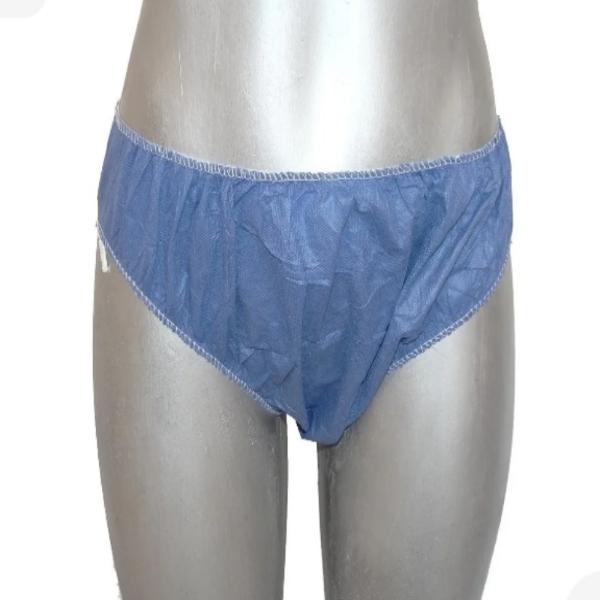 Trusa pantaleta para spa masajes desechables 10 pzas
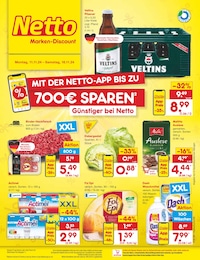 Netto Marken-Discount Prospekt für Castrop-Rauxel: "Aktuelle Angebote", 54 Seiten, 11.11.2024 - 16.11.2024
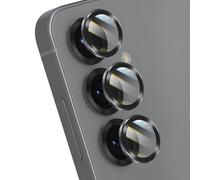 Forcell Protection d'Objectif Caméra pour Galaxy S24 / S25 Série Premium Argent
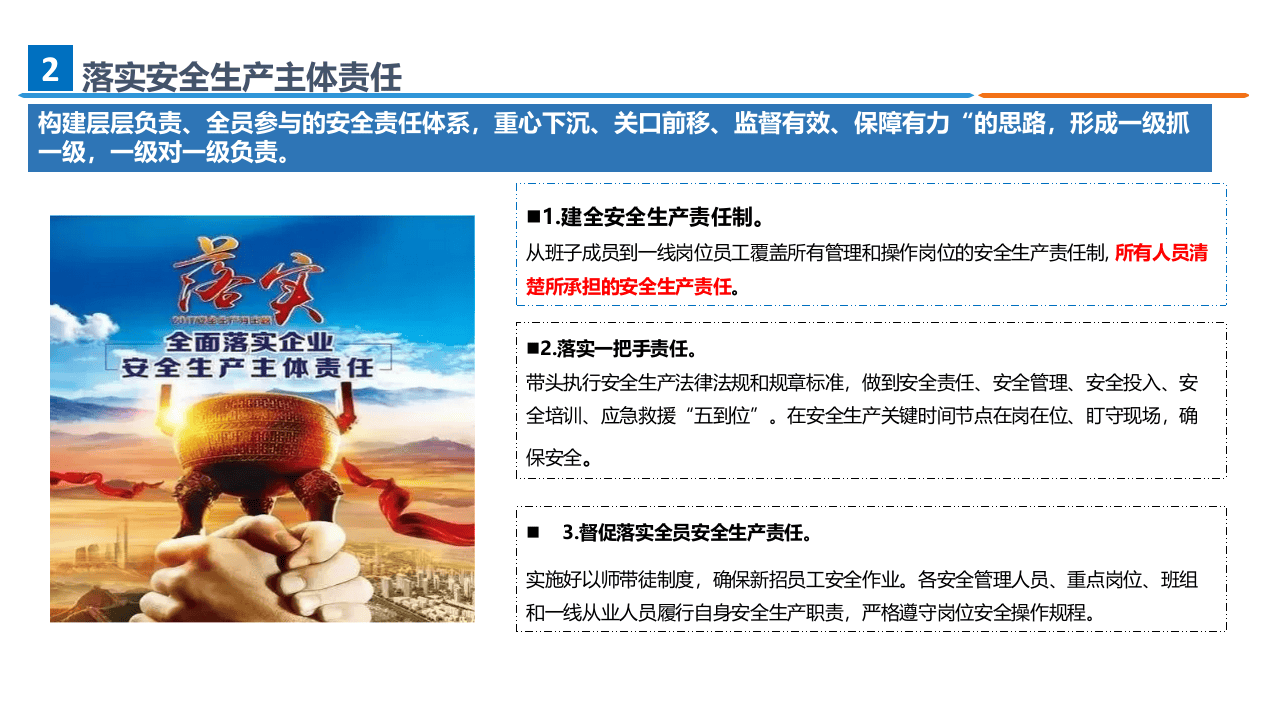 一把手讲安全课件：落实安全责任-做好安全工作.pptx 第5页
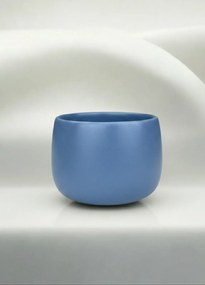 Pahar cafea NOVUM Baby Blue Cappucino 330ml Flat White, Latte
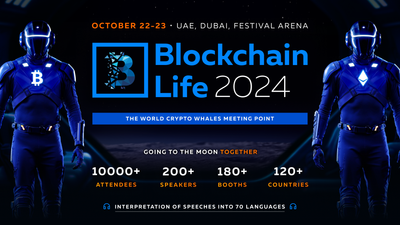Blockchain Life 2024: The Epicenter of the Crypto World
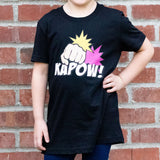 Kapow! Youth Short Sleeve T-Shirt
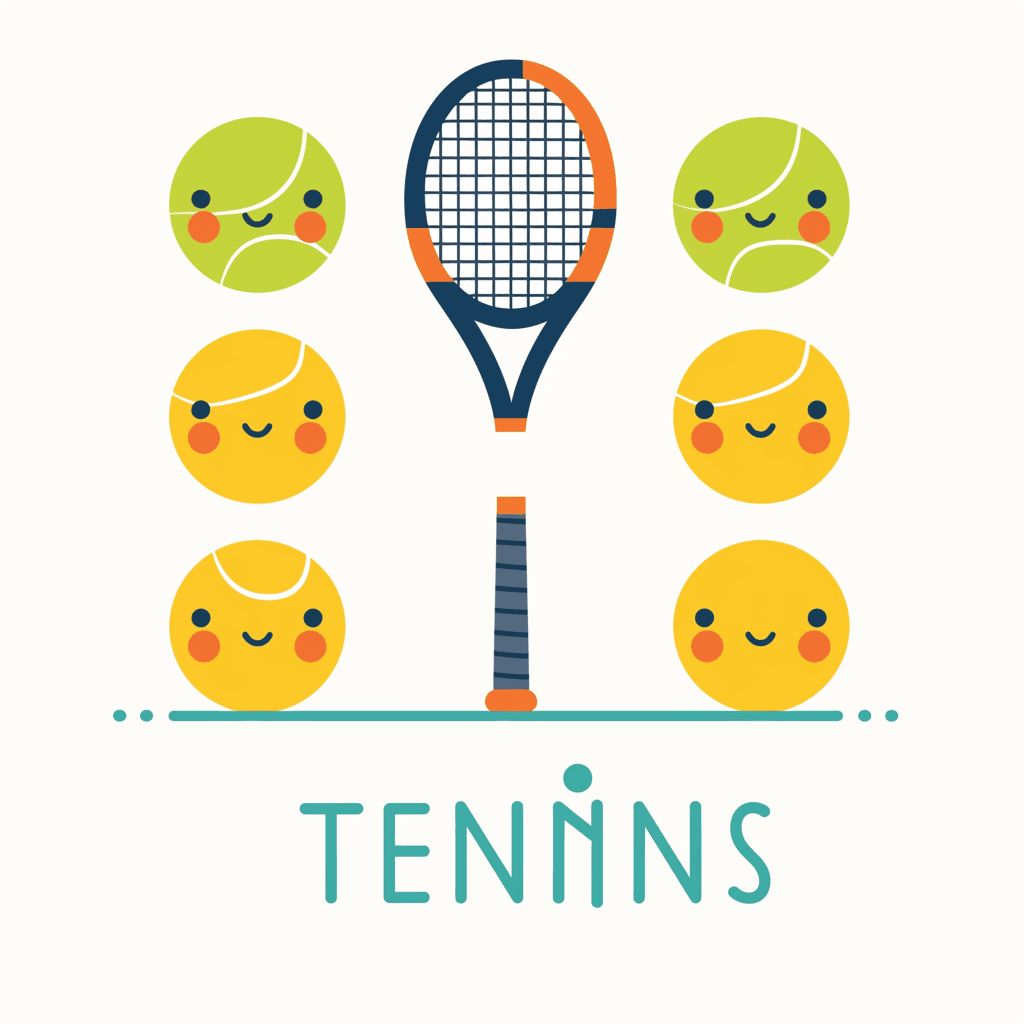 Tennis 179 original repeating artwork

...

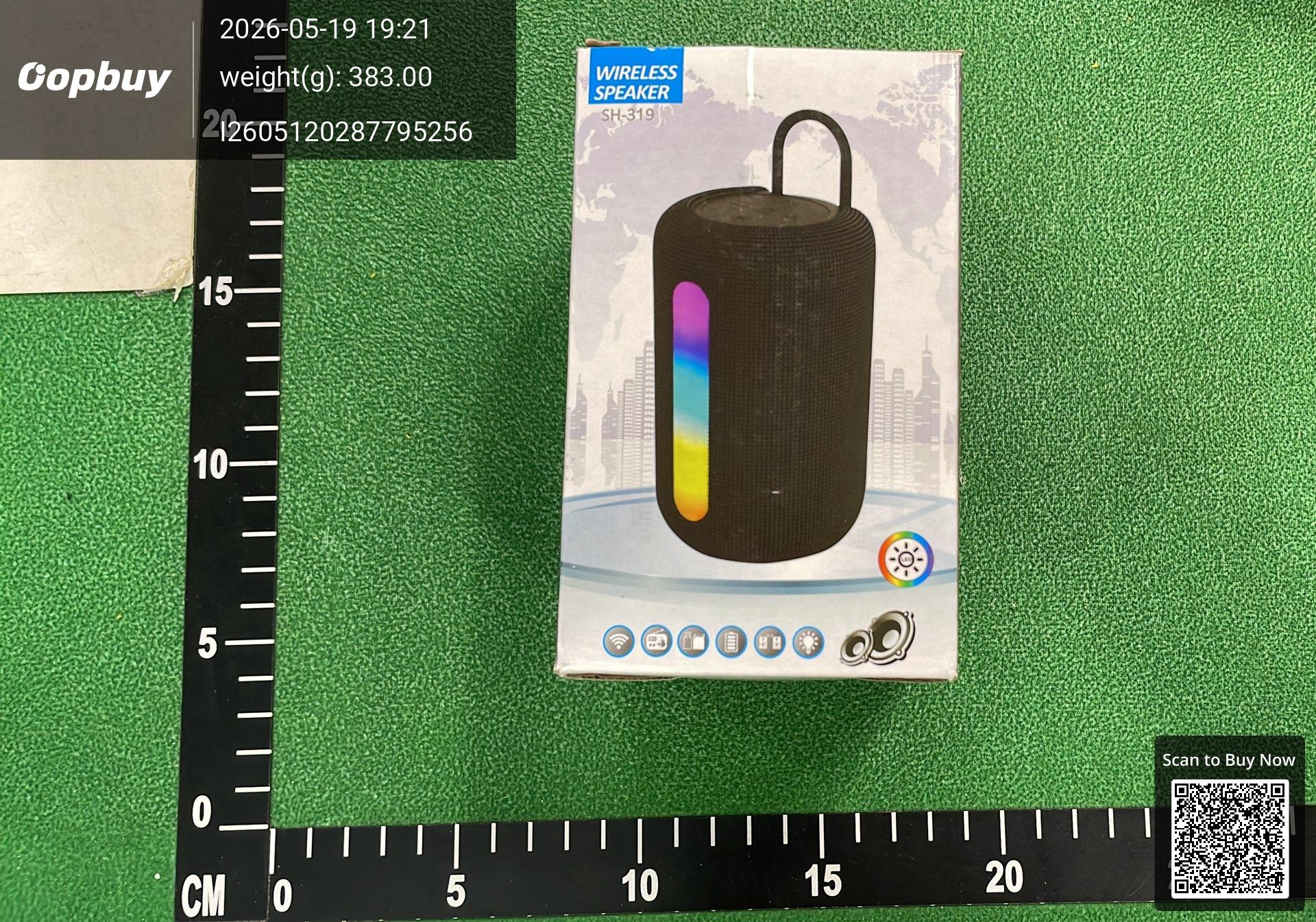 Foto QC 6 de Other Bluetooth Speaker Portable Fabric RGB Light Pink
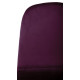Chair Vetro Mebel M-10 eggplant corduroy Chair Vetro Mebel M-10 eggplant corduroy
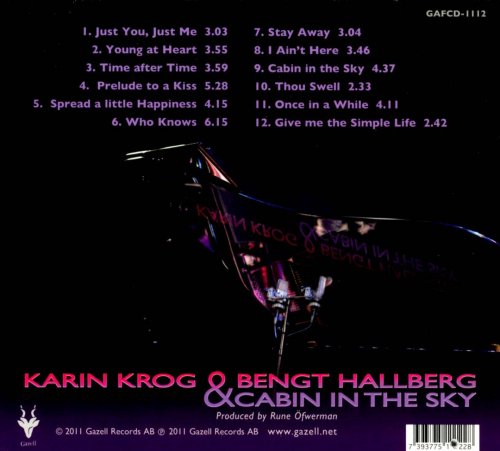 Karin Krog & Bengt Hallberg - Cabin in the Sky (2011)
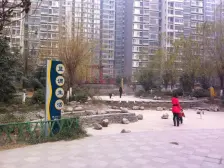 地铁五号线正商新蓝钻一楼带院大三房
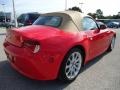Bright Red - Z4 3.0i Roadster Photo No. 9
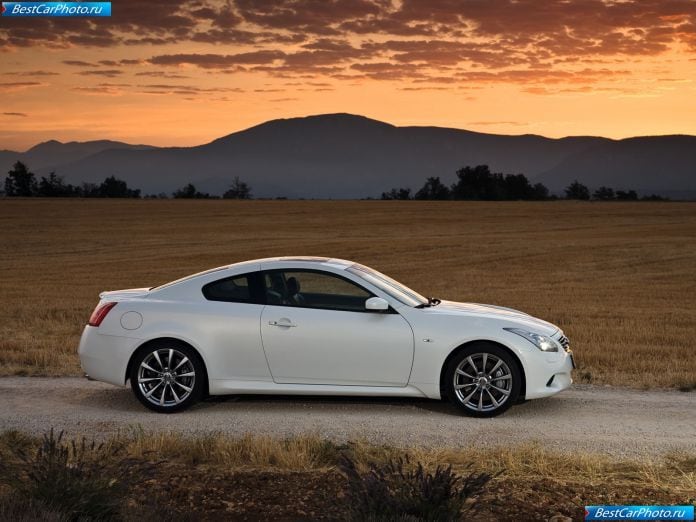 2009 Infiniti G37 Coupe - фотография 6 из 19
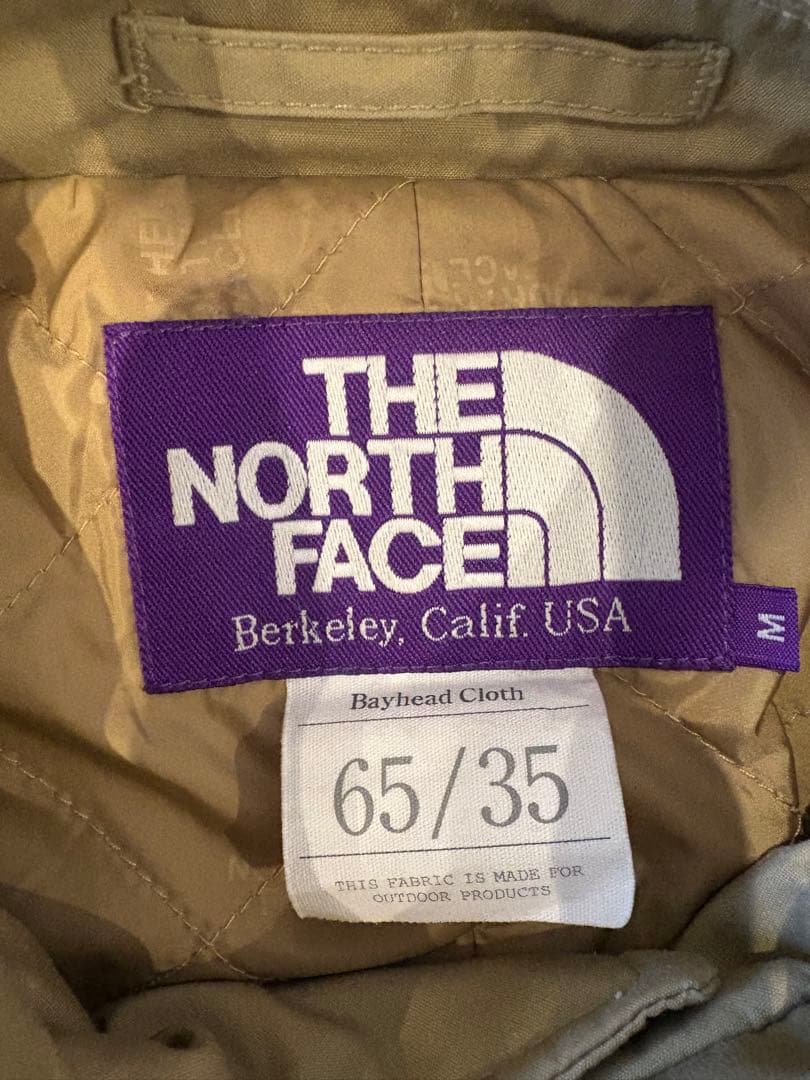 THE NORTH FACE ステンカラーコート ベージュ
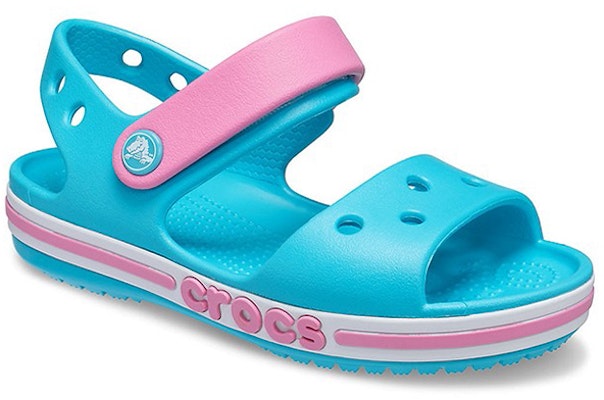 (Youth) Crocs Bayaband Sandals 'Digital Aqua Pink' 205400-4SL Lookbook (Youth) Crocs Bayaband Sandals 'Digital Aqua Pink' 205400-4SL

Task item: Using the entries above, reproduce word for word only the lines from the one that contains "一把手讲安全课件：落实安全责任-做好安全工作.pptx 第5页" to the one that contains "Tennis 179 original repeating artwork", both ends included, and drop every picture.

Response area:
 一把手讲安全课件：落实安全责任-做好安全工作.pptx 第5页
 Pahar cafea NOVUM Baby Blue Cappucino 330ml Flat White, Latte
Blockchain Life 2024: The Epicenter of the Crypto World
 Kapow! Youth Short Sleeve T-Shirt
 Tennis 179 original repeating artwork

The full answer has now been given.